:: WHAT THIS TASK INVOLVES ::
When you repeat the listing below, keep every word exactly and leave out each picture.
BEGIN COLLECTED DATA
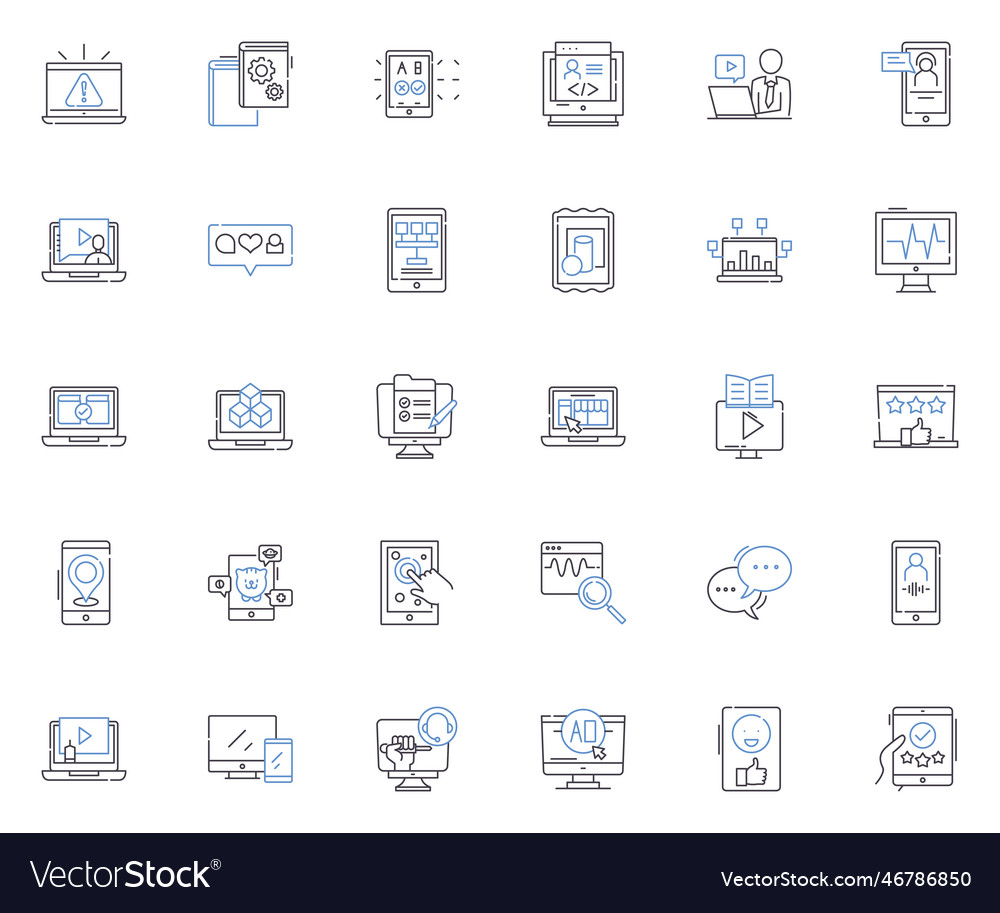 Cryptocurrency line icons collection blockchain vector image Cryptocurrency line icons collection blockchain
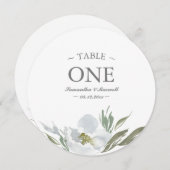 Waterverf groen wit en grijs tabelnummer kaart (Voorkant / Achterkant)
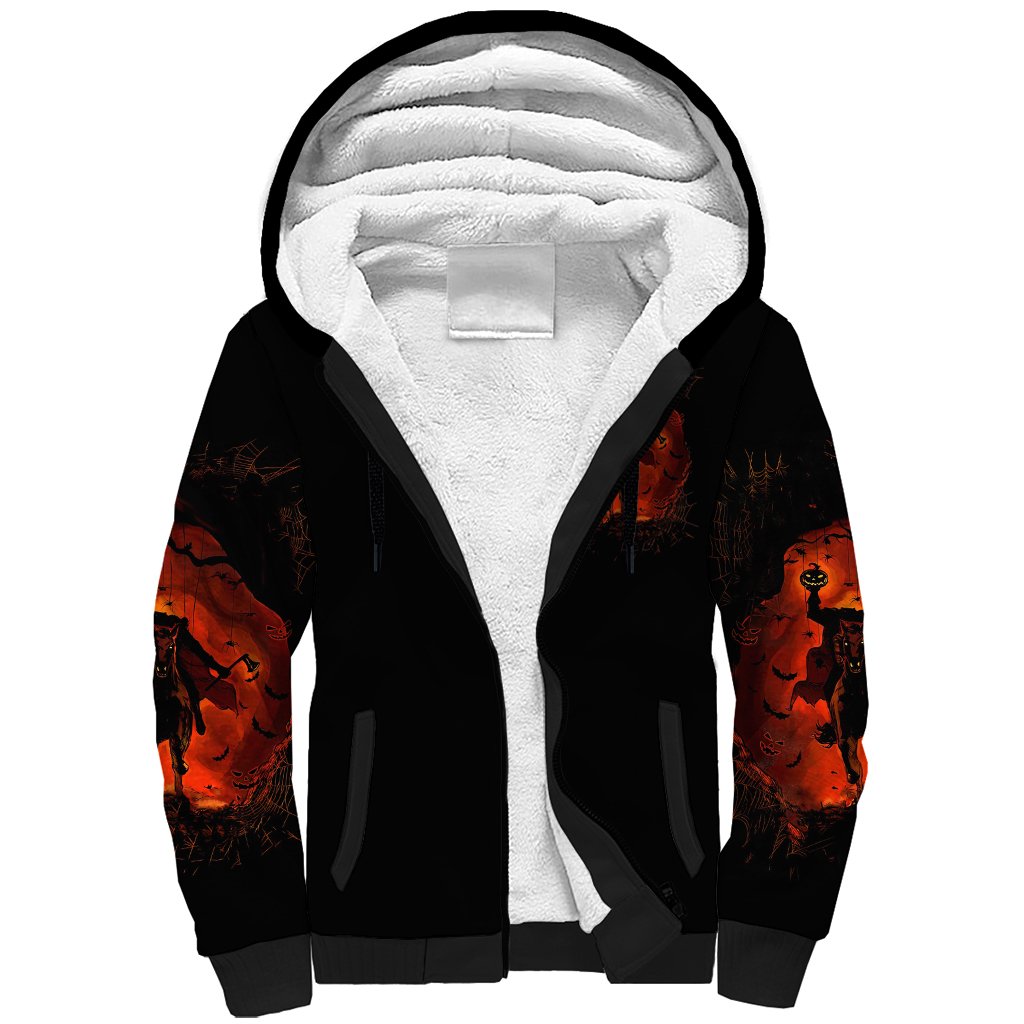 Jack O Lantern Skull Sherpa Hoodie Hello Darkness My Old Friend - Wonder Print Shop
END COLLECTED DATA
:: SOLUTION FOR THIS PROBLEM ::
 Cryptocurrency line icons collection blockchain vector image Cryptocurrency line icons collection blockchain
 Waterverf groen wit en grijs tabelnummer kaart (Voorkant / Achterkant)
 Jack O Lantern Skull Sherpa Hoodie Hello Darkness My Old Friend - Wonder Print Shop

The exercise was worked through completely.